I use a seven-way vaccine without tetanus (Alpha-7 / MB-1) in the herd; and when banding for castration, I add the Tetanus Toxoid Livestock Vaccine. I'd like to understand the difference between the Tetanus Toxoid Livestock Vaccine and the Tetanus Antitoxin Livestock Vaccine. When castrating bulls, could I use the Alpha-7 / MB-1 in conjunction with Bar Vac CD-T to immunize against Enterotoxaemia and tetanus caused by the toxins of Clostridium perfringens types C and D, and Clostridium tetani? The Bar Vac CD-T is easier to administer and costs less than the Tetanus Toxoid.
This is an issue commonly misunderstood that has led to unnecessary deaths and wasted money. Let's get some terminology out of the way first. A toxoid is an inactivated form of a toxin used to produce an active immunity to the toxin. An antitoxin contains the actual antibodies collected from hyper-immunized animals and then refined to provide quick and passive immunity to the toxin.
There are three components here. The "MB" portion of the Alpha-7 / MB-1 refers to Moraxella bovis, the bacteria most commonly responsible for pink eye. I defer to your veterinarian on whether you should vaccinate for this, and, if so, when and what product is best to use. In our area, we have seen limited benefit from commercial pinkeye vaccines. We try to look at other factors, including management, that can contribute to incidences of this devastating disease.
The rest of this Alpha-7 / MB-1 vaccine focuses on seven different Clostridial diseases for which I'll use the common names: Blackleg, Malignant Edema, Black Disease, Gas Gangrene and Enterotoxaemia (types C and D). Yes, I know that is 6, not 7, but every manufacturer also counts cross-protection from Enterotoxaemia type B to get to the highest number possible. How many of these diseases are a problem in your area I do not know. The biggie is Blackleg, and most experts recommend using a seven- or eight-way vaccine to give the most complete coverage.

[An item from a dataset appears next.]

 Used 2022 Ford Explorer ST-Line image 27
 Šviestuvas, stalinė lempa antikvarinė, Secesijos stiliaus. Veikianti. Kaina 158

Tetanus is also a Clostridial disease caused by Clostridium tetani. Historically, this was uncommon until the advent of banding older calves. Most cattle Clostridials do not include protection for this disease.
With my clients, I recommend Cavalry 9 for calves to be banded. On the rest of the calves, I use a high-quality 2 ml "BQA friendly" seven-way. Cavalry 9 is a 2 ml subcutaneous (SQ) injection that is very smooth with minimal swelling and reactions. It can be used on all calves.
Sitting down with your veterinarian and making the best decision for your operation is key here. But one option you could discuss would be to continue to use Alpha-7 / MB-1, since it is labeled for single dosing in calves over 3 months. Then use a Bar Vac CD-T for tetanus protection. Another option would be to use Cavalry 9 and a pinkeye product. The tetanus vaccine should be given and boosted a few weeks in advance of banding.